Now games are much more different because of the interactivity. The player has full control of the camera's placement and orientation, and the gameplay is also derived from player action to a level (like where other characters would stand or what dynamic event would occur or what extra lights may be in the scene). It's almost impossible to get full artistic control over many elements and so some of the cinematic tools are just firing at random most of the time.

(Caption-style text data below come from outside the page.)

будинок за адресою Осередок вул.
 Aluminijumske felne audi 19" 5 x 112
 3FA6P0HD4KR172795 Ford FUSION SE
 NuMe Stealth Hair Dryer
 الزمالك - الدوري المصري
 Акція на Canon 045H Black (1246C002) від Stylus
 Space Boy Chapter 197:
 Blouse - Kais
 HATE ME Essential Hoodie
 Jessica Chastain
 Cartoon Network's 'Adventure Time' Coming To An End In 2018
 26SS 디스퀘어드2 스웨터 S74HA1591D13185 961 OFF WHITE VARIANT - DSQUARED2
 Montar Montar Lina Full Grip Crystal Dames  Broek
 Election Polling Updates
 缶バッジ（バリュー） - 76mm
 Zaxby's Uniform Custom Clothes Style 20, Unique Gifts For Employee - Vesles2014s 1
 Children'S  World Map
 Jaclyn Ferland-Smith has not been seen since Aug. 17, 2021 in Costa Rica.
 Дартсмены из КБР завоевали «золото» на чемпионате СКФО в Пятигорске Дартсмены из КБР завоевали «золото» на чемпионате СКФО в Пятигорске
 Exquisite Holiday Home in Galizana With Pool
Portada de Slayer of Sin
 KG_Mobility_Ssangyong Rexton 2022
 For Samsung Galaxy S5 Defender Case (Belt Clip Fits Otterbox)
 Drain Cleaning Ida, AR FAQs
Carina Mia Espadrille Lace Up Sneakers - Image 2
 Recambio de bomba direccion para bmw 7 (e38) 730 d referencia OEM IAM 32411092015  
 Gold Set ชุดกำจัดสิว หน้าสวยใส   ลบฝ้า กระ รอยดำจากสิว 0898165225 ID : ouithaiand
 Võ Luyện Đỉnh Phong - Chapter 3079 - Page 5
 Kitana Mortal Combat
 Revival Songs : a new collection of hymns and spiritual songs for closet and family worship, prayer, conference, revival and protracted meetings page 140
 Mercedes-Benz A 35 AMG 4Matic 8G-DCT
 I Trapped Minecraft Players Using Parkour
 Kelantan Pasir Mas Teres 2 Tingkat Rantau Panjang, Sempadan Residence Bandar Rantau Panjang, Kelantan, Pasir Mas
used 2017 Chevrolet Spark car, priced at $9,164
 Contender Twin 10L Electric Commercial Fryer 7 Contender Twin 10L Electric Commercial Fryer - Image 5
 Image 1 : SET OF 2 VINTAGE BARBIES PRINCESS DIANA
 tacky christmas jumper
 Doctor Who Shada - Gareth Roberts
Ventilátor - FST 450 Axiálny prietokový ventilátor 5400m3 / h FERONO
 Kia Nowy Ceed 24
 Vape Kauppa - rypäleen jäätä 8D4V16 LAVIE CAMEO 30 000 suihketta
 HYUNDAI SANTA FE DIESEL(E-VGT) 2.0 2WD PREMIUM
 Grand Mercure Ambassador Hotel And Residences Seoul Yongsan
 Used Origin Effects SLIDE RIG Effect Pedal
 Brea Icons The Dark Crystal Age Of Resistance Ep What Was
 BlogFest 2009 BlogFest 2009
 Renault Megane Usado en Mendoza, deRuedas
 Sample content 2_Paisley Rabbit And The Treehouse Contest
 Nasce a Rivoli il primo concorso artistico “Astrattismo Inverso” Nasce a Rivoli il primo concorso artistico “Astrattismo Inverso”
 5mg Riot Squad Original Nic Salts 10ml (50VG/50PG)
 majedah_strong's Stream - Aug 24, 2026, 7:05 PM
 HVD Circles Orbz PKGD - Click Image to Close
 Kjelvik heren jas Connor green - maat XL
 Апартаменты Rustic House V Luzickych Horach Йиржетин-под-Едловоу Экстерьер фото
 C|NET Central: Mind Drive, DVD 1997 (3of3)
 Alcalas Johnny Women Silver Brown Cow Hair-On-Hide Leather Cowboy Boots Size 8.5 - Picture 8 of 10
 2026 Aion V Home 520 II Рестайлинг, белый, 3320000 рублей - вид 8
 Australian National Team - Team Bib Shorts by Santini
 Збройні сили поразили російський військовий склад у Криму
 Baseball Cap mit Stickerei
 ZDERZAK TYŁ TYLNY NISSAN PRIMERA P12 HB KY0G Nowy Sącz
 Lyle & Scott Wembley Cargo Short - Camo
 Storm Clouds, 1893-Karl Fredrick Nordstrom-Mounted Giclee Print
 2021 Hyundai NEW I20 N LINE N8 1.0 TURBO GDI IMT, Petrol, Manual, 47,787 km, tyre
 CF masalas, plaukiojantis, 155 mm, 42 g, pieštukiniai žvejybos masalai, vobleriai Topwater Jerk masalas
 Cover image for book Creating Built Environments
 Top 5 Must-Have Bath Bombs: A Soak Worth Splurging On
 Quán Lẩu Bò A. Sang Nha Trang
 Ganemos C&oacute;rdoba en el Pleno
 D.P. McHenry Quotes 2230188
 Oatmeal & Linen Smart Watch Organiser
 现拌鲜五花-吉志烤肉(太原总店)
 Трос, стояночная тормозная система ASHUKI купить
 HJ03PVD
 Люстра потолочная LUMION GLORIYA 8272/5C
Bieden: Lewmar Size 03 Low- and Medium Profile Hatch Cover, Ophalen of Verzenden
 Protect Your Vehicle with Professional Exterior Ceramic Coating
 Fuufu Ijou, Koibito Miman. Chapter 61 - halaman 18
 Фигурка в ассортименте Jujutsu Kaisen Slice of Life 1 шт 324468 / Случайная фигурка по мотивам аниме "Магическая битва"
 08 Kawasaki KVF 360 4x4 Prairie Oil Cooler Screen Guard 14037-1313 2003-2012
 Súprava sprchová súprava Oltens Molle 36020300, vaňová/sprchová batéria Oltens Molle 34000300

Still, some level of procedural control can be maintained. I think Bioware routinely uses rim lights without any actual light sources for conversation scenes, in order to better separate characters from the background, for example. And of course it's pretty easy to trigger certain effects based on game state changes like player health or so.
 
It's also very important to know that directors and cinematographers have learned to use these peculiarities as artistic tools and developed a certain visual language for film over the decades. Every single shot of a movie is very carefully designed and composed to deliver the desired results and evoke certain responses from the viewer. Everything from the placement of the camera in the set and its settings, the actors positions, the light positioning and intensity and color, the atmosphere and so on are all very carefully controlled.
Although not always successfully, and visual confusion can happen in cinema as well as games. One thinking games haven't stooped to thus far is shaky-cam - God help us all when developers decided to mimic the pacey, confused dynamism of the shaky-cam in games! Imagine a Bourne game that keeps cutting between crazily blurred and wobbly close ups of two combatants!
 
My argument was that both games offer depth and solid gameplay, and "have no place being on opposite sides of a discussion about games which sacrifice gameplay for cinematics and vice versa". Neither game sacrifices gameplay for storytelling, which is the topic of this thread. They're poor examples of the OP's intial point.

And I simply disagree. I think the ND of today are film makers first, and game makers a very distant second.